Das neue Sparpaket sei besonders schlimm. Schon jetzt liegt die Arbeitslosigkeit bei knapp 25 Prozent. Zum Ende des Jahres rechnet Isychos mit fast 30 Prozent. 75.000 kleine und mittlere Unternehmen hätten in den letzen zweieinhalb Jahren die Tore geschlossen. Die Löhne seien im Schnitt bereits um 50 Prozent gekürzt worden. Griechenland solle auf das Lohnniveau Bulgariens gedrückt werden, berichtet Isychos wie auch mancher andere Gesprächspartner.

Die Bundesregierung hatte bereits im Mai die Einrichtung von Sonderwirtschaftszonen ins Gespräch gebracht. Derlei Maßnahmen sind hinlänglich aus Südostasien bekannt. Dort gelten für gewöhnlich Steuererleichterungen und andere Sonderrechte für die sich ansiedelnden Unternehmen, während die Beschäftigten keine oder nur eingeschränkte gewerkschaftliche Rechte genießen.

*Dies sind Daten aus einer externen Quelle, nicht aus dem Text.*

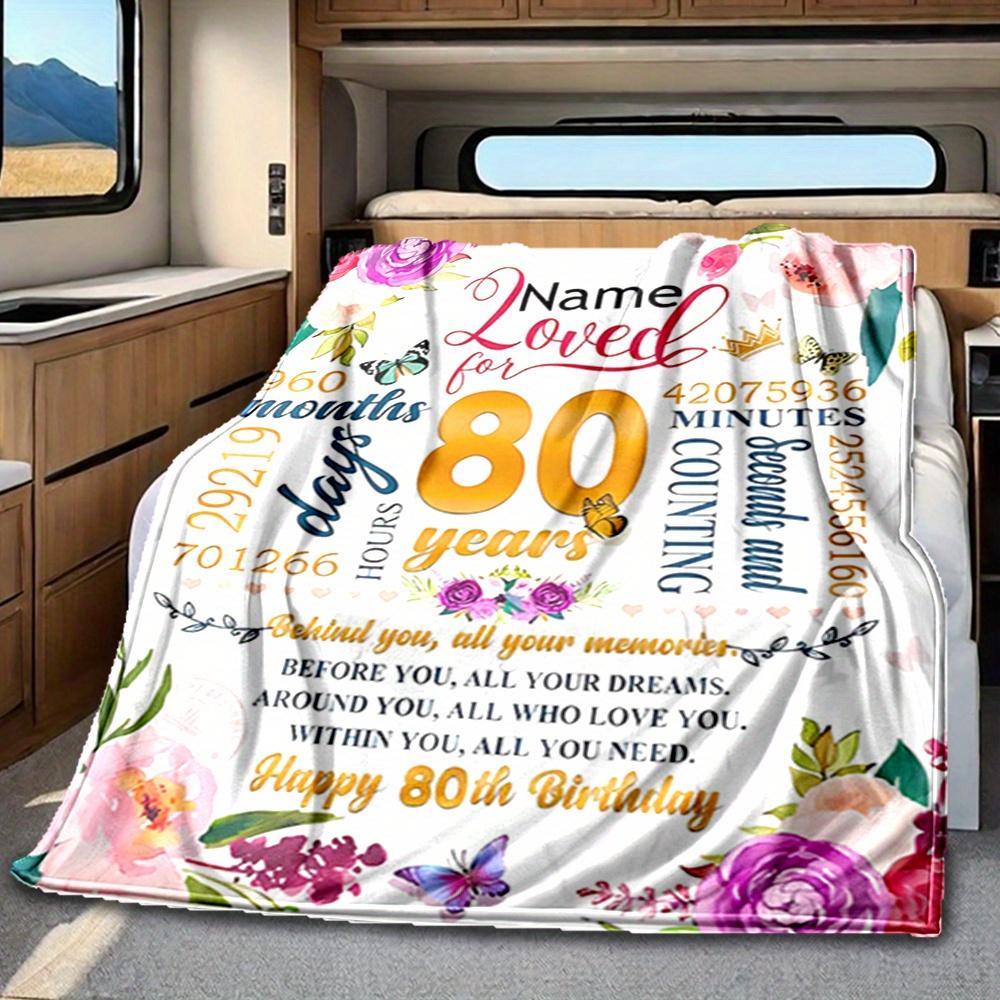 Happy 80Th Birthday To You Blanket Personalized Name Soft Comfortable Stylish Blanket Car Blanket Perfect For Travel Camping Outdoor Home Suitable For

Isychos sieht in den Vorschlägen denn auch das Bestreben, in Europa ein Lohngefüge zu schaffen, das es mit den Verhältnissen in China aufnehmen könnte. Griechenland solle zu einer neuen Neokolonie gemacht werden, damit die europäischen Konzerne es mit der Konkurrenz in den USA und in China aufnehmen können. Anderen südeuropäischen Ländern drohe das gleiche Schicksal.